Puzzling results can arise with IGRAs during serial testing, especially in low-risk populations. For instance, in health care workers tested annually, TST has a less than one percent conversion rate. A far higher apparent conversion rate, five percent to six percent, has been seen with IGRAs. “That is a repeatability issue with blood tests,” Dr. Higashi says. “We now understand that better in the context of screening and are developing better guidance on how to handle these apparent conversions. A lot of that five percent is probably not true conversion.”

Dr. Daley calls this variability “wobble.”

“This is still an issue in low-risk populations,” he says. “Whether it is short term—six weeks, or six months or one year—we still see this problem. They appear to be false conversions. When we re-test they are negative. And if we re-test again, they are still negative. Most of these people have no risk or history of exposure.” A high rate of reversion from positive to negative with IGRAs was seen in a multicenter study, coordinated by Dr. Daley, of more than 2,500 health care workers. None developed TB regardless of the test result, even though very few were treated.

An institution that chooses to use an IGRA has two commercial choices: QuantiFeron-TB Gold and its newer In-Tube version (Cellestis, a Qiagen company, Valencia, Calif.) and T-Spot.TB (Oxford Immunotec Limited, United Kingdom). T-Spot requires isolated WBCs rather than whole blood, which can be more technically demanding. On the other hand, T-Spot may be more sensitive in those who are immunocompromised. Says Dr. Mase, “Between QuantiFeron Gold In-Tube and T-Spot, which assay a program adopts depends on variables such as cost and ease of implementation.”

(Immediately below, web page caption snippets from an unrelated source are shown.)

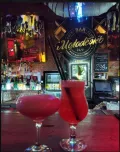 Миниатюра 11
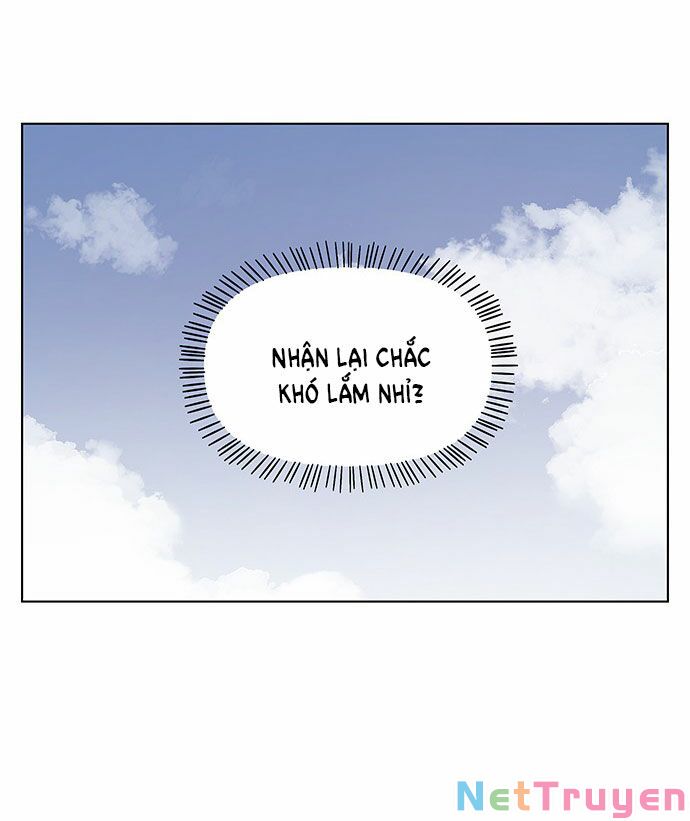 thanh xuân rực rỡ - season of blossom chapter 96 77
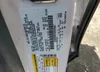 3FA6P0HD7GR242667: 63339995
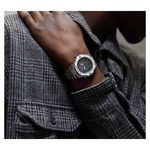 Часы CASIO G-SHOCK GST-B500D-1A — миниатюра 6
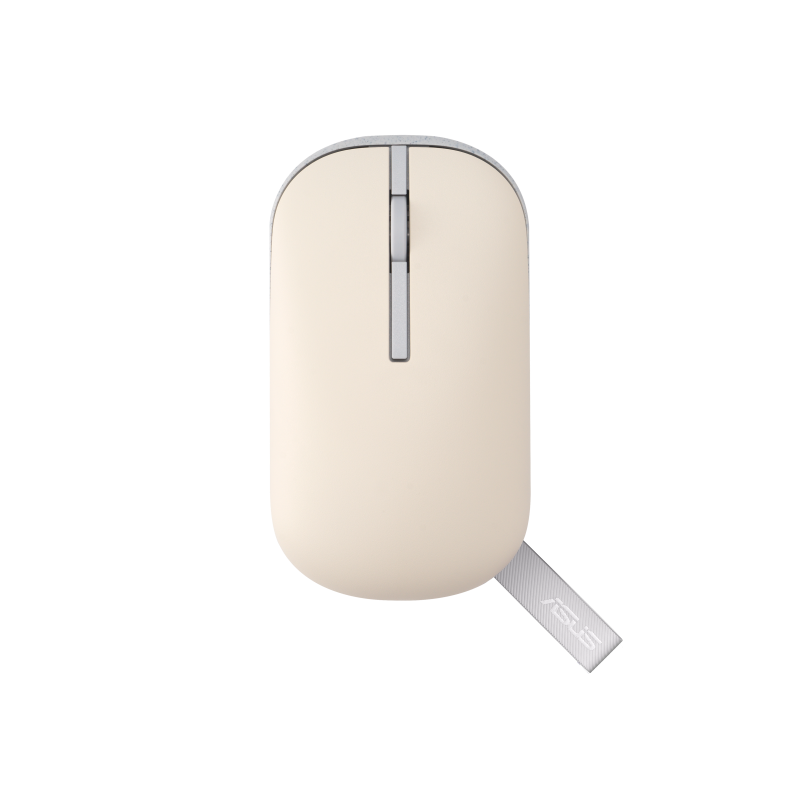 AS MD100 MOUSE PUR BT+2.4GHZ [1]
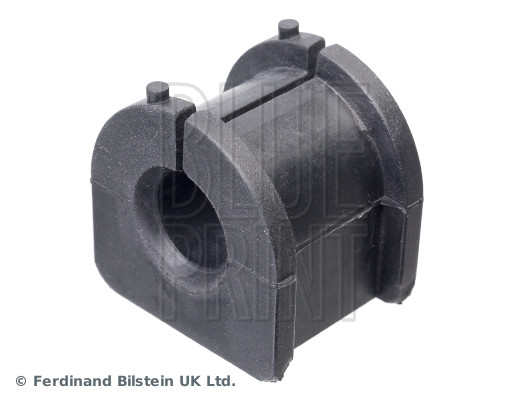 Stabiliser Mounting - ADC480125 BLUE PRINT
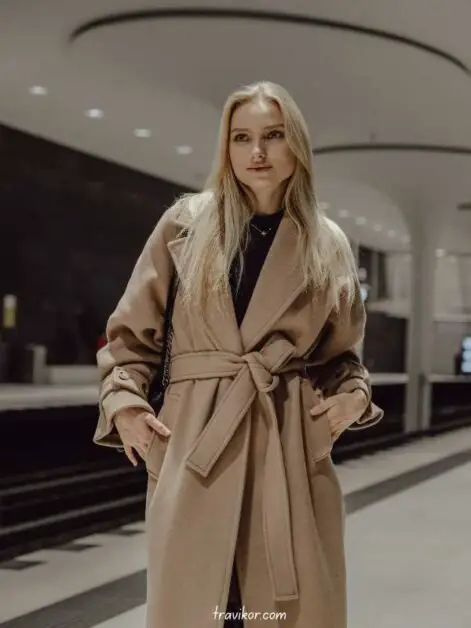 Coat-Styles.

Whether it is TST or IGRA that is used for TB testing, an important challenge remains: identifying individuals who will progress from latent TB to active infection. “Our current consensus is that IGRAs are as predictive as skin testing,” Dr. Daley says. “The problem is that neither one is very good.” Fewer than five percent of persons who are positive on TST or IGRA will progress to active disease. “We need a test that is 80 percent to 90 percent predictive,” Dr. Daley says. “The whole point is to treat and prevent progression while avoiding inappropriate therapy.”

Dr. Lindquist agrees. “What we really need for TB care,” he says, “is a rapid diagnostic that is accurate and that identifies those patients who will go on to active disease.”

William Check is a writer in Ft. Lauderdale, Fla.